A estratégia, até agora, tem se diferenciado da empregada pela Méliuz, que tem mantido as compras de bitcoin apenas com dinheiro em caixa e emissões de ações, chegando a levantar cerca de R$ 180 milhões em junho.
Mas Israel Salmen, presidente do conselho de administração da Méliuz, afirma que, embora ainda não tenha feito dívidas para comprar bitcoin, isso “está no plano de qualquer bitcoin treasury company”.
“Estamos sempre atentos aqui, mas não tem nada em aberto, nenhuma conversa pública que permita a gente falar sobre qualquer operação do tipo”, afirmou Salmen ao NeoFeed.
A Méliuz, que foi listada em 2020 como uma empresa de cashback, pivotou o negócio neste ano para focar quase exclusivamente em acumular bitcoin — uma mudança de estratégia que levou as ações a subirem mais de 200% entre abril e maio.
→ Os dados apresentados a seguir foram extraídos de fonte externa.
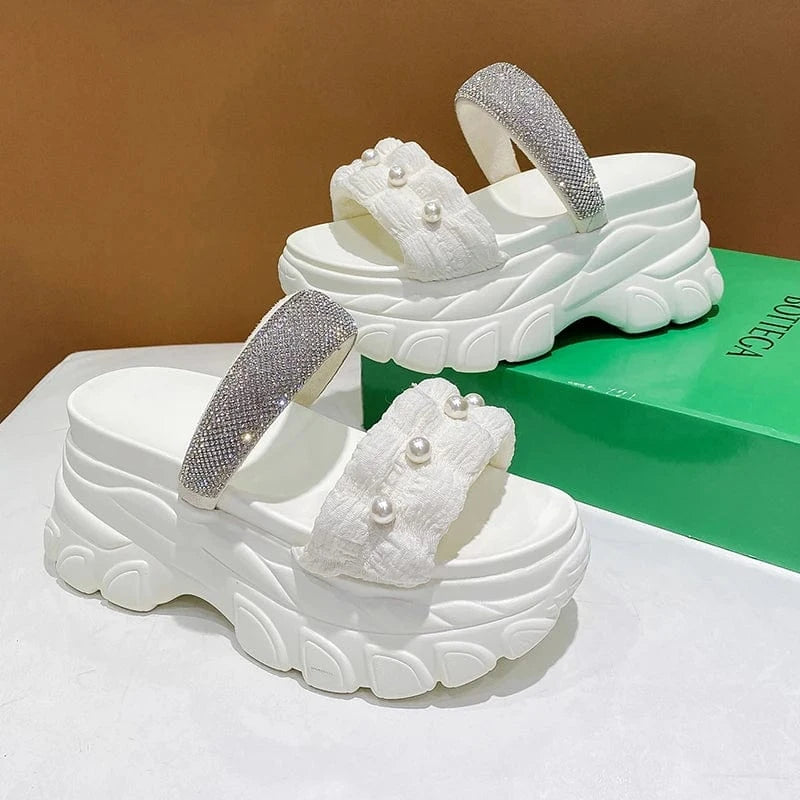 Dropshipping Custom Logo Pearl Design Women's Wedges Sandals Casual Comfortable Chunky Platform Slides Slippers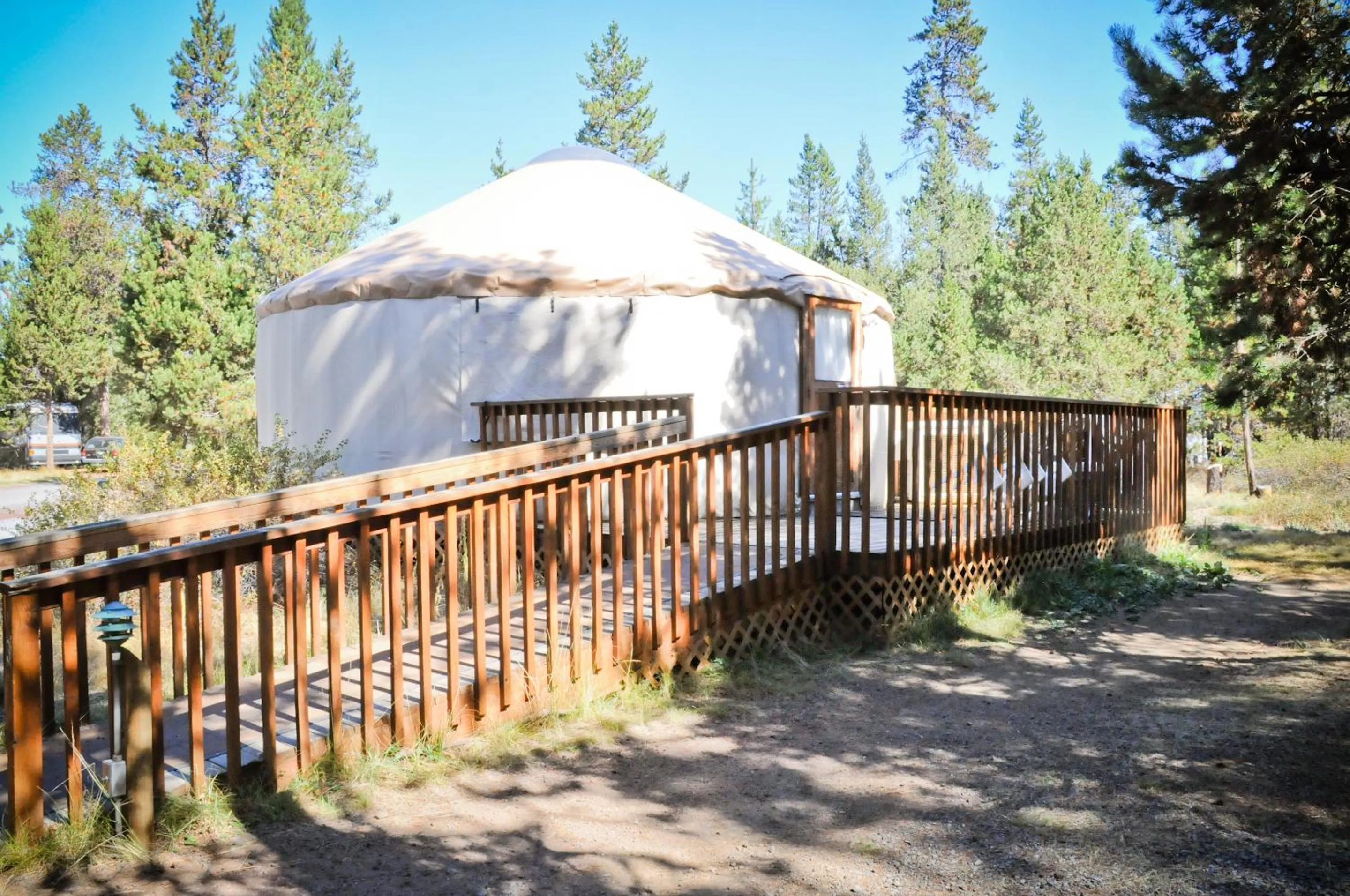 Facade/entrance in Bend-Sunriver Camping Resort Wheelchair Accessible Yurt 13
Desde o pico, no entanto, os papéis já acumulam queda de cerca de 50%.
“A empresa está precificada pelos seus ativos em tesouraria. O valor do negócio do Méliuz é praticamente zero, mesmo sendo uma companhia que gera caixa, que não tem dívidas e que continua crescendo, que tem mais de 40 milhões de usuários”, comentou o chairman.
Para Fabricio Tota, diretor de novos negócios do Mercado Bitcoin, é importante para o mercado de criptoativos que mais empresas listadas se tornem tesourarias de bitcoin, especialmente para aproximar esse mundo do investidor institucional.
"Ainda vejo um hiato no mercado financeiro tradicional em relação ao universo cripto. Não é um assunto que todo mundo discute o tempo todo, não é uma alocação óbvia como deveria ser, na minha visão", afirmou Tota.
Esse é um movimento que tem ganhado força especialmente nos Estados Unidos, onde a Strategy puxou a fila das tesourarias de bitcoin, atraindo outras empresas como GameStop, Trump Media & Technology Group e MARA Holdings.
Tota, no entanto, tem dúvidas se o mercado brasileiro tem profundidade para isso. “Lá fora está acontecendo. Não sei se o mercado brasileiro tem tamanho suficiente para isso.”
Para Salmen, da Méliuz, ainda é “muito cedo para falar de competição entre Bitcoin Treasury Companies”. “Eu vejo essas empresas como aliadas numa mesma ambição. Elas ajudam a rede, ajudam a educar as pessoas, inclusive, sobre o bitcoin.”